Polls increasingly indicate public sentiment favors marriage equality, as my election last November as California’s first openly gay member of Congress shows. I was not elected in the state’s liberal strongholds, such as San Francisco or Santa Monica, but in Riverside County, one of the areas that heavily supported Proposition 8 in 2008, adding to its narrow 2 percent passage statewide.
If given the opportunity, I believe voters would have reinstated same sex marriage in California last year, just as voters in Washington, Minnesota, Maine, and Maryland decided ballot measures that affirmed marriage equality. Moreover, beyond Republican Senator Rob Portman’s change of heart, Democratic Senators from red-states stepped forward in support of marriage equality, with Kay Hagen of North Carolina being the latest.
President Obama is fond of quoting Martin Luther King’s belief that the arc of history bends toward justice, but on the matter of marriage equality, the arc of which the President speaks has lately become an acceleration curve.

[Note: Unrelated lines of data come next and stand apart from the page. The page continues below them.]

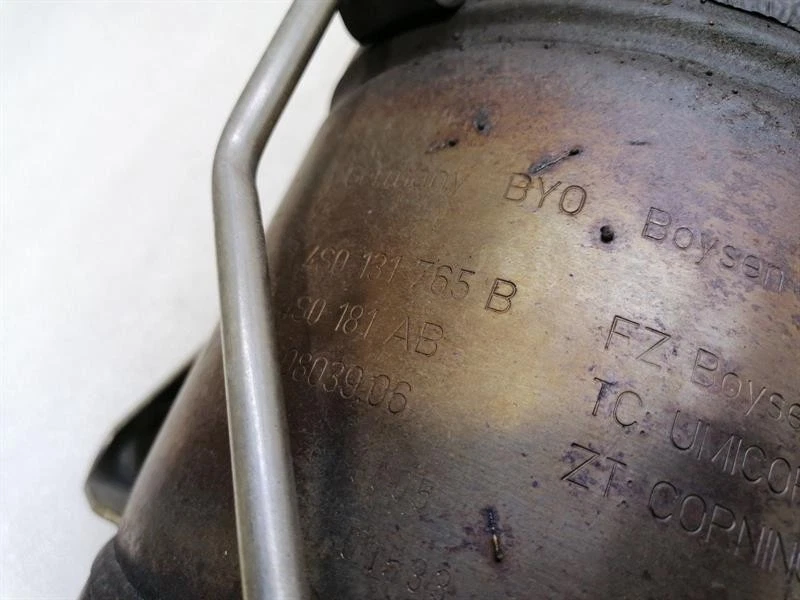 AUDI R8 4S PERFORMANCE  Catalytic Converter SET 4S0131765B Katalysator  SATZ - Image 7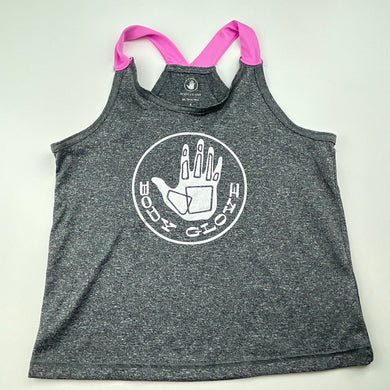 Girls Body Glove, sports / activewear top, GUC, size 8,  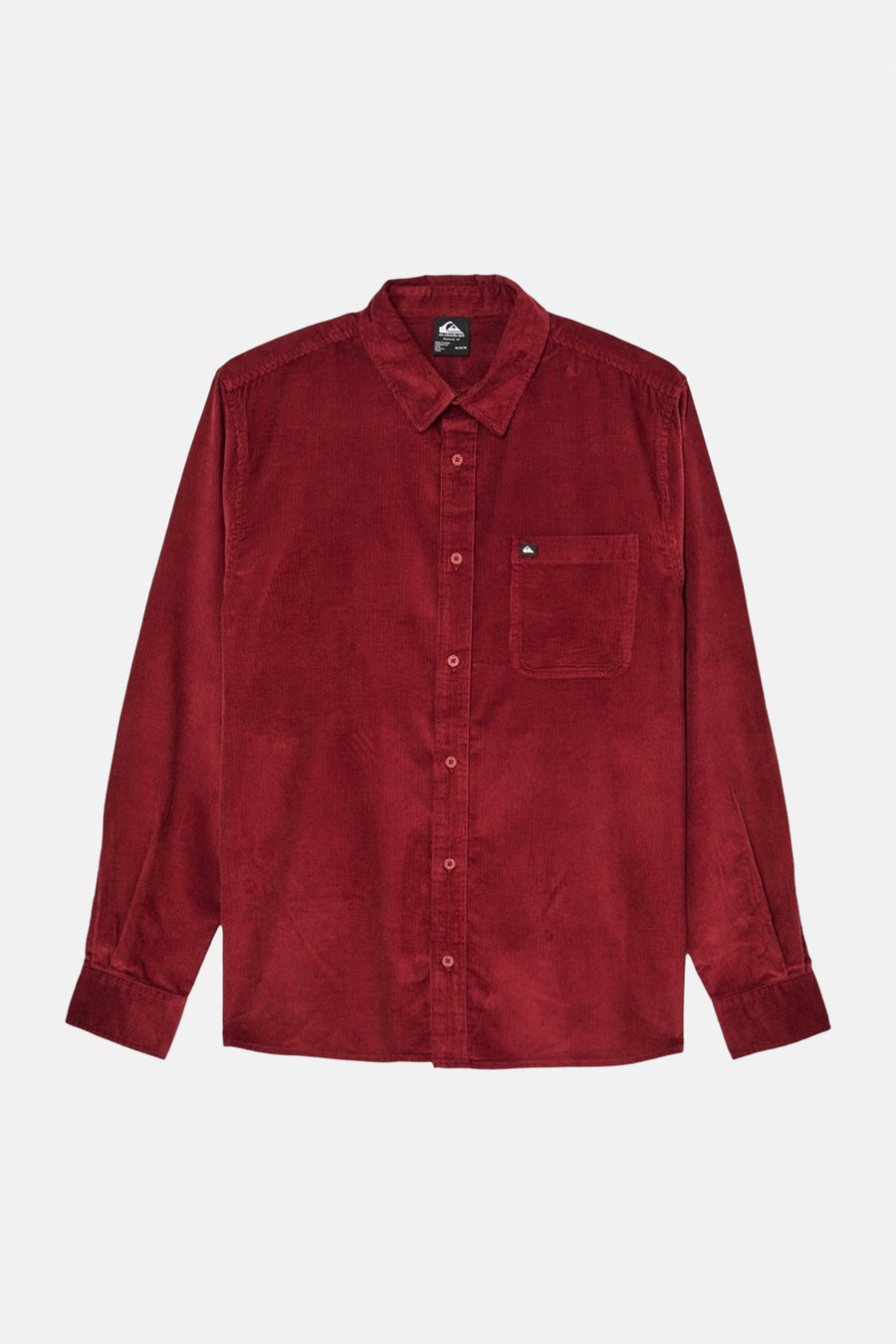 Hemd met lange mouwen - rood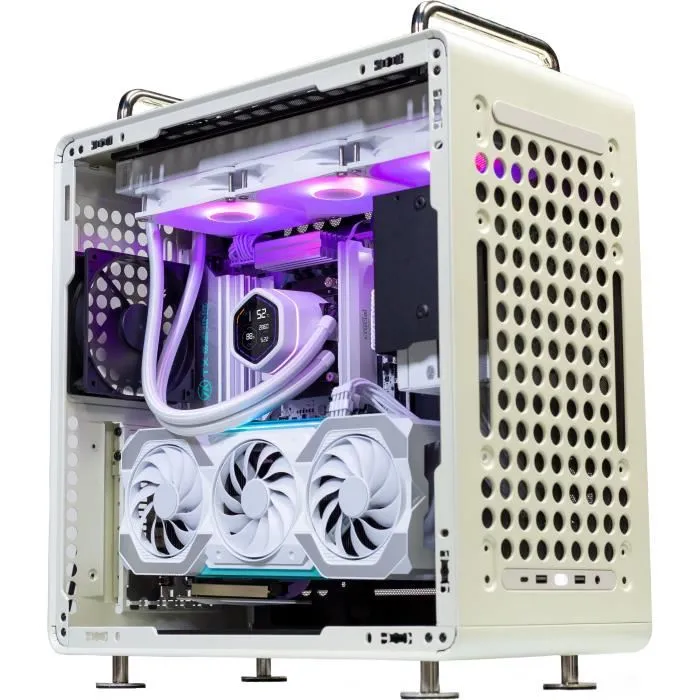 Cooler Master MasterLiquid Core Nex Digital 360 White ARGB MLX-D36M-A18PW-RD Watercooling 360 mm Ventilateurs ARGB 120 mm Cooler Master MasterLiquid Core Nex Digital 360 White ARGB MLX-D36M-A18PW-RD Watercooling 360 mm Ventilateurs ARGB 120 mm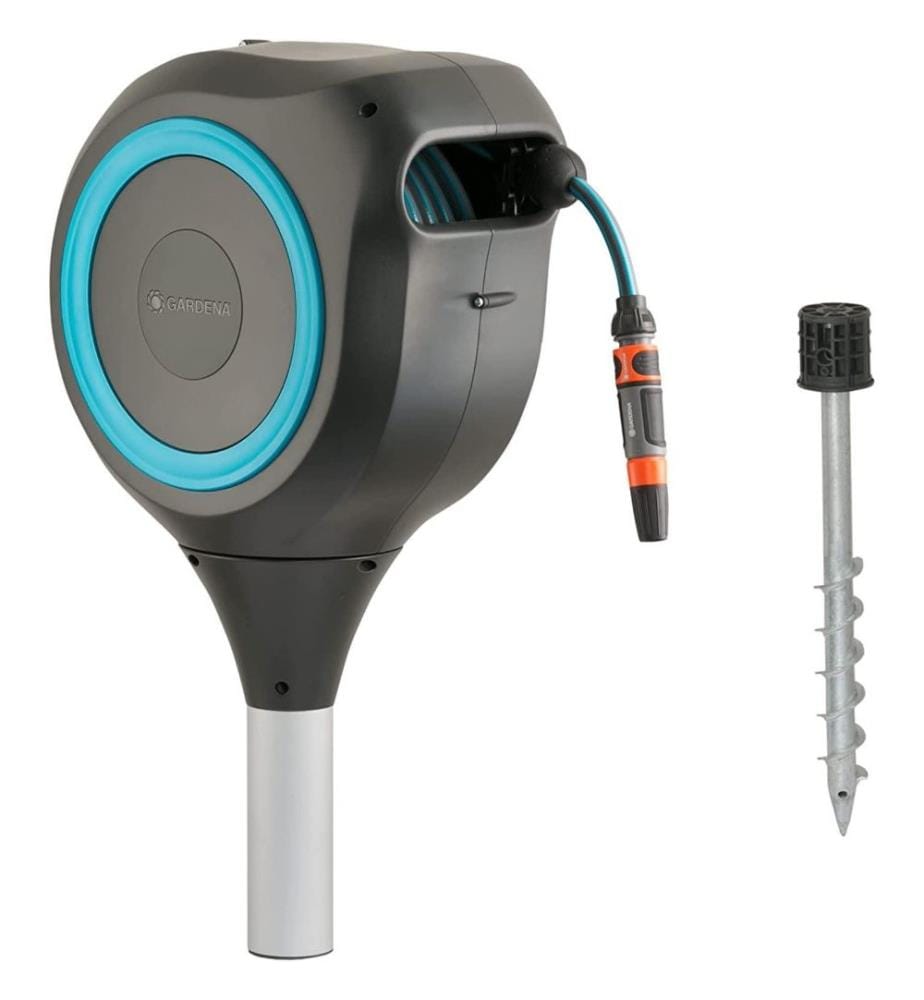 GARDENA Gardena Garden Hose Box RollUp M (turquo… DeinDeal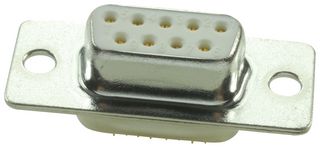 MULTICOMP PRO MP007535 D Sub Connector, Standard, Receptacle, 9 Contacts, DE, Solder Cup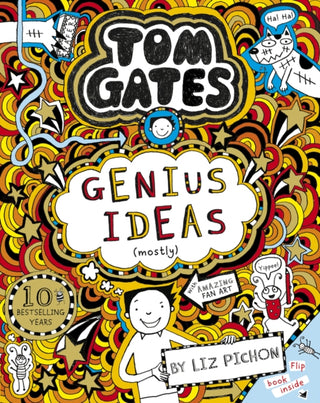 Cover image for 9781407193465 - Tom Gates: Genius Ideas (mostly)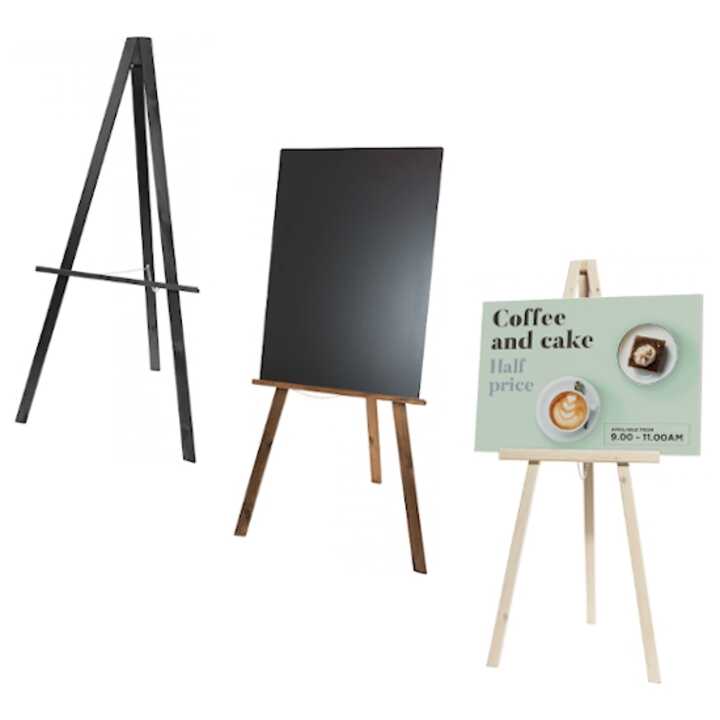 Free Standing Wooden Easel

Not that the court should base its decision on public opinion, but rather it should muster the boldness to affirm what is constitutionally and morally right and not be so concerned with making an untimely decision that it fears the public will not accept. Sometimes the court leads public opinion, as in the case in which Chief Justice Earl Warren forged a unanimous decision in Brown v Board, a decision that President Eisenhower had to enforce with federal troops in Little Rock. The unanimity of the court and a cooperative president who enforced the decision compensated for large portions of mid 20th century America deeply gripped in racism.
In cases where the Supreme Court is unlikely to achieve unanimity, the question of a timely decision is relevant. Some pundits now speculate that many of the Justices are reticent to repeat a protracted backlash that accompanied the 5-4 Roe v. Wade decision and that is why they might shrink from making a 50 state solution decision regarding marriage equality.
The Windsor and Perry cases now before the court are unlikely to be decided unanimously, but even with a divided decision, the majority should be secure in acting boldly.
It is time for the Supreme Court to catch up with the people of this nation, and deem both of these discriminatory laws what they are and always have been – unconstitutional.
It’s time to overturn DOMA and Proposition 8, and allow the nation to accelerate towards justice. The people are ready. The Supreme Court will be ratifying a decision that has already been made in the court of public opinion.